Try to find an Army field manual to learn the basic manual of arms.

Welcome to the forum!:)

Edit: Here's a link for you. http://www.globalsecurity.org/military/library/policy/army/fm/3-22-9/c04.htm#sectioni

Markasaurus
03-29-11, 01:12
i have this gun. It's a fine M4gery and has most of the features of the higher priced guns.
I love it but i'd buy the gas-piston stag carbine next time - cleaning the carbon off the bolt and bolt carrier is a pain of major proportions!

a couple things you might want to know:
-there is no loaded chamber indicator the only way to tell is by yanking the charging handle a little bit and examining the ejection port for a round. but you can tell when the hammer is cocked and when it isn't i.e. when there might be a round in the chamber. the quick way to do this is you attempt to put the safety on safe position. If it won't go, the hammer is not cocked. If you can put it on safe, then you should definetely check for a round in the chamber.

I guess its possible to have a round in the chamber and the hammer NOT cocked, like a dud round or something. But the check of the safety is the quickest way. If the hammer ain't cocked, the gun is unlikely to fire i think.

-always run this rifle lubed no matter what anyone tells you. Good lubes are breakfree clp, mobil 1 (the engine oil), slip 2000 is the one people swear by but i've yet to try it. It's not so much what you use to lube, just lube it! You can run an AR clean and wet, and even dirty and wet - but you cannot run it dry and dirty or it will jam. Graphite is not a suitable lubricant by the way, it can react to the aluminum and form galvanic corrosion so keep it away from an AR.

After the first range shoot of 200 rounds the bolt had very hard carbon on the bolt tail. Also there was carbon on the firing pin flange, inside the bolt carrier group, and inside the flash hider at the muzzle. This is the downside of the direct impingement AR types, they sh$t where they eat and so the carbon has to be dealt with.

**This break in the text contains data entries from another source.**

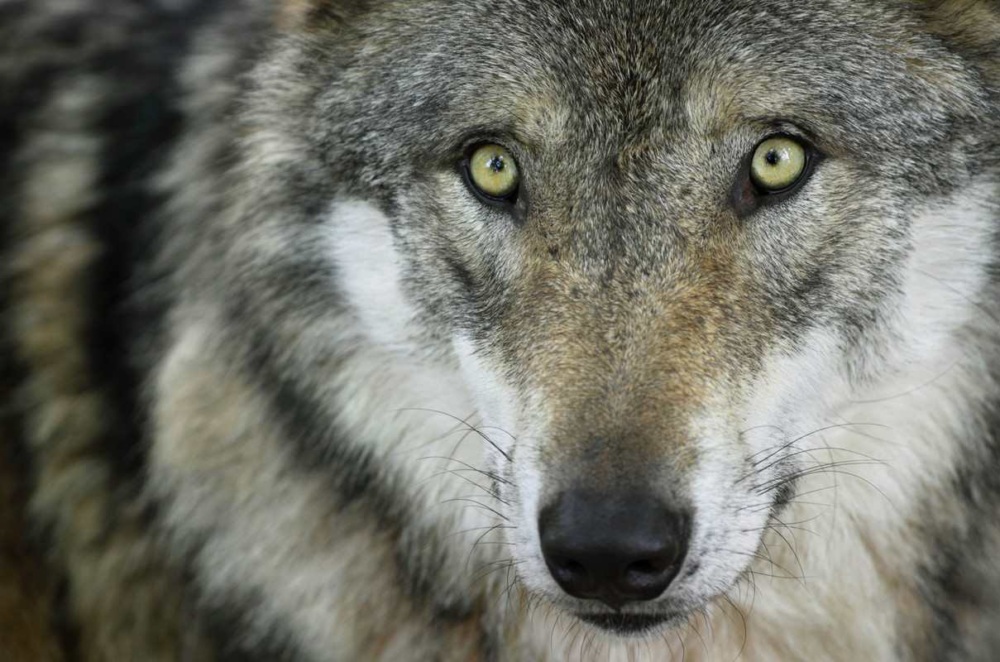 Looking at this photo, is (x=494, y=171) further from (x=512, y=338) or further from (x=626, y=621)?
(x=626, y=621)

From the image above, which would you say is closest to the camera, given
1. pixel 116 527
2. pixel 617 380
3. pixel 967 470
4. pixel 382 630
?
pixel 617 380

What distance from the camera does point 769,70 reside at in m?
2.22

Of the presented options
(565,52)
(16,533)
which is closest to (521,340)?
(565,52)

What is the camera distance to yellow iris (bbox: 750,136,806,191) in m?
2.25

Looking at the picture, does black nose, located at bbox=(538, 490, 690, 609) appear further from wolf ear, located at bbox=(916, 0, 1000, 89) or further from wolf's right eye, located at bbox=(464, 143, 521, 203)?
wolf ear, located at bbox=(916, 0, 1000, 89)

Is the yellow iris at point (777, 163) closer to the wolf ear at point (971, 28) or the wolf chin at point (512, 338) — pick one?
the wolf chin at point (512, 338)

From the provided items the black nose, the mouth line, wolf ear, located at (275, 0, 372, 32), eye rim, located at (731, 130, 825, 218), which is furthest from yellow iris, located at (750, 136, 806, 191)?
wolf ear, located at (275, 0, 372, 32)

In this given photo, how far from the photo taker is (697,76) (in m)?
2.23

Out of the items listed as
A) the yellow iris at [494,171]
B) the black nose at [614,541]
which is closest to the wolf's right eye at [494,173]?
the yellow iris at [494,171]

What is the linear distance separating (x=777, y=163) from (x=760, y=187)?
0.18ft

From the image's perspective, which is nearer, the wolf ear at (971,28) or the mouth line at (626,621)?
the mouth line at (626,621)

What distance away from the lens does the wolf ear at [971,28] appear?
91.1 inches

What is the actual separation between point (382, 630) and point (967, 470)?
53.5 inches

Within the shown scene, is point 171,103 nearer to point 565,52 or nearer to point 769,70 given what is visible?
point 565,52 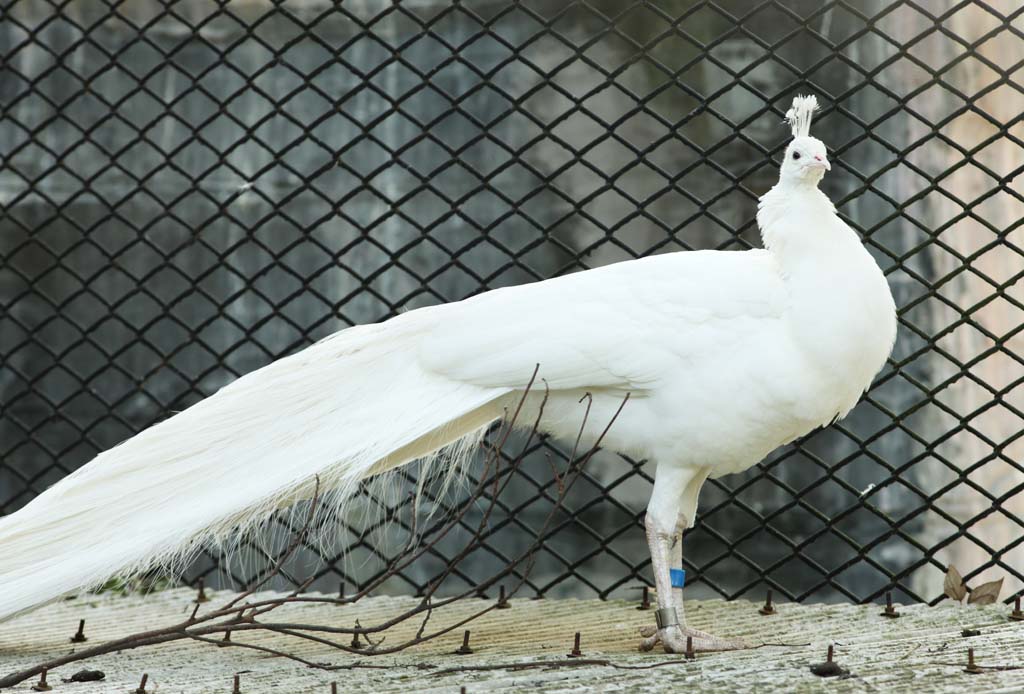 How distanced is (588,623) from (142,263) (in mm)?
2944

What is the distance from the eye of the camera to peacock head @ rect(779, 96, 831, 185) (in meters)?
2.03

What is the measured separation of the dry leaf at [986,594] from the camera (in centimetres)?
237

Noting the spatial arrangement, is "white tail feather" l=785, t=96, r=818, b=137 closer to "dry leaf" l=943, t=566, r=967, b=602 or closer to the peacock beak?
the peacock beak

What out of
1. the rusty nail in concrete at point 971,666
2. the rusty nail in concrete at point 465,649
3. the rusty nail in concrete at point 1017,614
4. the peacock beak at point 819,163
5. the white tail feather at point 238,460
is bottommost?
the rusty nail in concrete at point 971,666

i have read a hundred posts on how to deal with the carbon. My conclusions, avoid the use of dental picks, as some people recommend, or anything else that is as hard then the part you want to clean.
Use bamboo skewers to scrape the crannies inside the bolt carrier group where the carbon is, otherwise only brass, wood or plastic scraping tools. I ordered the botach bolt cleaning tool but haven't gotten it yet, and also the bolt tail cleaner from G and g tools. Only after ordering them i am now convinced that this is the tool i should have gotten in the first place. It is called CRT-15 ar 15 bolt cleaner tool and everybody on the net that sells gun parts has it, it is $40:

http://i80.photobucket.com/albums/j169/marc780/magnamatic-defense-crt-15-1.jpg

Moreover there are also a hundred posts on what chemical to use to help clean the carbon. (You will be scraping no matter what probably but the chemicals will help and probably essential).

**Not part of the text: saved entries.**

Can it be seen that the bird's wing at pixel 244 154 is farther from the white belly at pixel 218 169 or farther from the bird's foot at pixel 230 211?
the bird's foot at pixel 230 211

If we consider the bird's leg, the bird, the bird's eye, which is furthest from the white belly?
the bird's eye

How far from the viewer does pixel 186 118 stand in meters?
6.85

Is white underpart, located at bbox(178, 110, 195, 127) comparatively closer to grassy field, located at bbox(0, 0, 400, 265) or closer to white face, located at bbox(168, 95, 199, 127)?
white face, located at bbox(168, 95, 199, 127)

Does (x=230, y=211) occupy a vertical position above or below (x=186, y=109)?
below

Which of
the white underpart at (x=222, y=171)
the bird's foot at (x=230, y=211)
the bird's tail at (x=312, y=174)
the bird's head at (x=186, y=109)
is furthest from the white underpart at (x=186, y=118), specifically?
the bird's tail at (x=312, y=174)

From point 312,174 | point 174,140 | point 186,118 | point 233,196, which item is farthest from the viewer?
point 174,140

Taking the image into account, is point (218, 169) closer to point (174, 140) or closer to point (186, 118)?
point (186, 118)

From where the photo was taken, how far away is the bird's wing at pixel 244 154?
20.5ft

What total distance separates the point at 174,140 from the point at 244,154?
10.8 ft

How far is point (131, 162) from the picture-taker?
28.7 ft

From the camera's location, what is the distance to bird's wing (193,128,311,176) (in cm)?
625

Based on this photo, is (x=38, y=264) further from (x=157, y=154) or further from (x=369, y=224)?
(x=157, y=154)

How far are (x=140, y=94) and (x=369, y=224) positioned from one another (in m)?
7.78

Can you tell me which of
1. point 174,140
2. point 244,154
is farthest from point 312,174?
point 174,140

i have tried the following products to help dissolve the carbon: brake cleaner spray, break-free clp, acetone, MP7 pro, mineral spirits. So far the best combination seems to be a 50/50 acetone/mineral spirits mix. I soak the parts in a glass jar (i'm pretty sure the chemicals will melt a plastic container if you left this mix in their for a week) then scrape a bit and soak some more.
To clean the carbon from around the muzzle, place the gun muzzle down into a container of the acetone-mineral spirits (mineral spirits alone will do if you don't have the acetone). Leave it soak for 10 or 15 minutes then pull it out of the jar and pick at the carbon with a bamboo skewer and see if the carbon has softened. Repeat this process until it is as clean as you can get it or you can't stand doing it any more that day - the carbon will all eventually come out using this method. At all costs avoid using screwdrivers etc inside the flash hider near the muzzle, you can wreck the crown and ruin the accuracy of the weapon with overly aggressive cleaning here.

A scotch brite pad, cut into 2 inch wide strips, seems to work very well for cleaning the bolt tail once the really hard carbon is off.

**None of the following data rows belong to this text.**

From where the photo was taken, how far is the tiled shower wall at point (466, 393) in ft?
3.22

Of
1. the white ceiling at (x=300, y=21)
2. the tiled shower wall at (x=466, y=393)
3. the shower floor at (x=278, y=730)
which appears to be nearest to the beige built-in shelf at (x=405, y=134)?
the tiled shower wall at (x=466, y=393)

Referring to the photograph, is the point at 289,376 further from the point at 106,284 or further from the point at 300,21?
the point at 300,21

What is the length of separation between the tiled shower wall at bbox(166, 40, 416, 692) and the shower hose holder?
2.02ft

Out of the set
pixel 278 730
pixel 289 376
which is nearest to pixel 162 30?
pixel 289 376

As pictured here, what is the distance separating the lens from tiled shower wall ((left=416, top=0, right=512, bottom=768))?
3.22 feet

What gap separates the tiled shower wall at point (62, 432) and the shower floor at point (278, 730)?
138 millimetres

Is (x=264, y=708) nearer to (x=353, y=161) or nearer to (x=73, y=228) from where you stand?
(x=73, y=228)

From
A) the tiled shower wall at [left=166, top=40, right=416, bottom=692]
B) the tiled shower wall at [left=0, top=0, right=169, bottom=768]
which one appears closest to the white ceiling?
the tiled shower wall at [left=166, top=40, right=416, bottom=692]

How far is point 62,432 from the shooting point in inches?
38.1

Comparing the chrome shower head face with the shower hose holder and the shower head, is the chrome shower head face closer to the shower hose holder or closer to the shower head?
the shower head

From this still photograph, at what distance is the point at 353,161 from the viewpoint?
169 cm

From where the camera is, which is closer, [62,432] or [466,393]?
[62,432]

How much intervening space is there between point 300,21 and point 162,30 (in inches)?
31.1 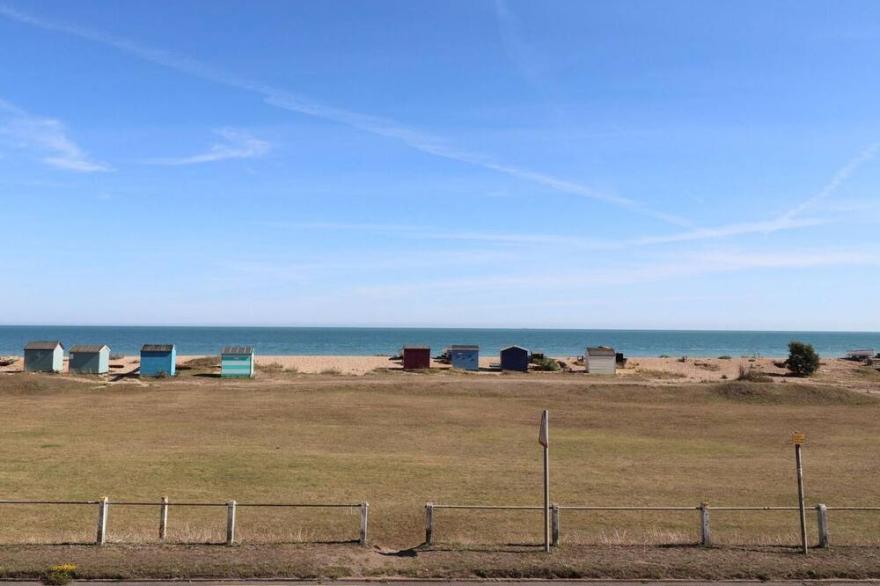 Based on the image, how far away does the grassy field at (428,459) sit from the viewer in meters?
19.5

After the very first cleaning session i sent away to stag for the chrome plated bolt. $55. I'm hoping it will be easier to clean then the regular bolt.

You may hear about how wonderful the one-piece bolt rings are, to that i say you should probably avoid them. I bought 1 and installed it on the bolt, this one-piece ring made the bolt carrier group so tight the bolt would not seat in the chamber without slamming the forward assist, and needed way to much force to pull pack the charging handle. To me it seems there is no way that one-piece ring isn't going to cause a malfunction. They claim that the one piece ring will loosen up on first firing, maybe so, but in the meantime i took it off my bolt and reinstalled the old ones and am keeping the one piece as a SHTF spare part, only.

Iraqgunz
03-29-11, 01:28
There is really no need to scrape carbon off the bolt tail. Especially if you lube it correctly with good lube. All those cool guy tools are just designed to take your money. You can also soak a bolt in carbon cutter or MPro7 over night and alot of the carbon will come off.

People get worked up about carbon. To me the only time it will be an issue is if you are gaging and inspecting the weapon.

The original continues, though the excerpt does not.